Philippine Airlines
is to launch a regular service between Manila and Okinawa on June 20,
2003.
The new route combines with PAL's current service to Fukuoka, resulting in
a fresh tri-city routing, as follows:
Manila-Okinawa-Fukuoka-Manila - Every Monday and Tuesday Manila-Fukuoka-Okinawa-Manila - Every Friday and Saturday
(Direct Manila-Fukuoka-Manila flights are retained every Thursday and
Sunday.)
Travelers between Manila and Okinawa
will have a choice of either a direct service or a one-stop service via Fukuoka, four times a week.
PAL will deploy either
a widebody Airbus A340-300 or na arrow-bodied A320-200 aircraft for these flights, depending on the day of service.
Located about 500 miles southwest of the Japanese mainland in the
Western Pacific, Okinawa is geographically closer to Manila than to Tokyo.
The strategic island has a population of 1.3
million and last year, some 90,000 Okinawans, about 7% of the island's residents, traveled overseas, making
them a core market of PAL's new service.
An interesting historical quirk is Okinawa's strong ancestral and
sentimental links with the southern Philippine city of Davao.
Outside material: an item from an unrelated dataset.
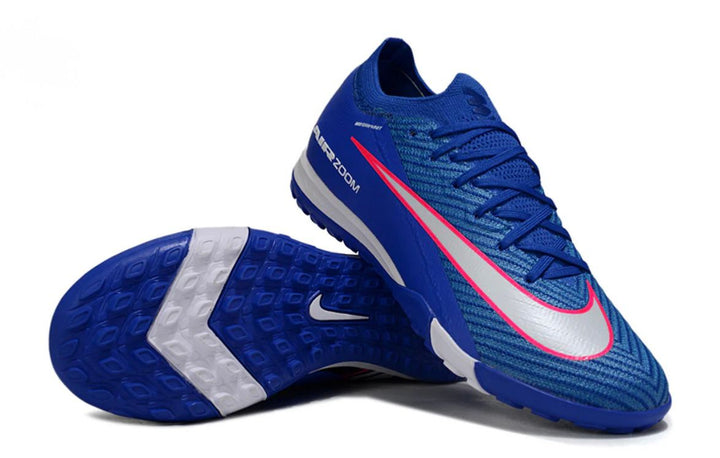 أديداس الحرم الجامعي 00s بارك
In the 1940s, faced with a dearth of local labor, American plantation
owners recruited thousands of Okinawans to work the vast rubber and pineapple
fields of Davao.
A thriving Japanese community still exists in the area and PAL has operated
Davao-Okinawa charter flights for many years to serve this market.
Okinawa becomes PAL's fourth destination in Japan and 22nd overall.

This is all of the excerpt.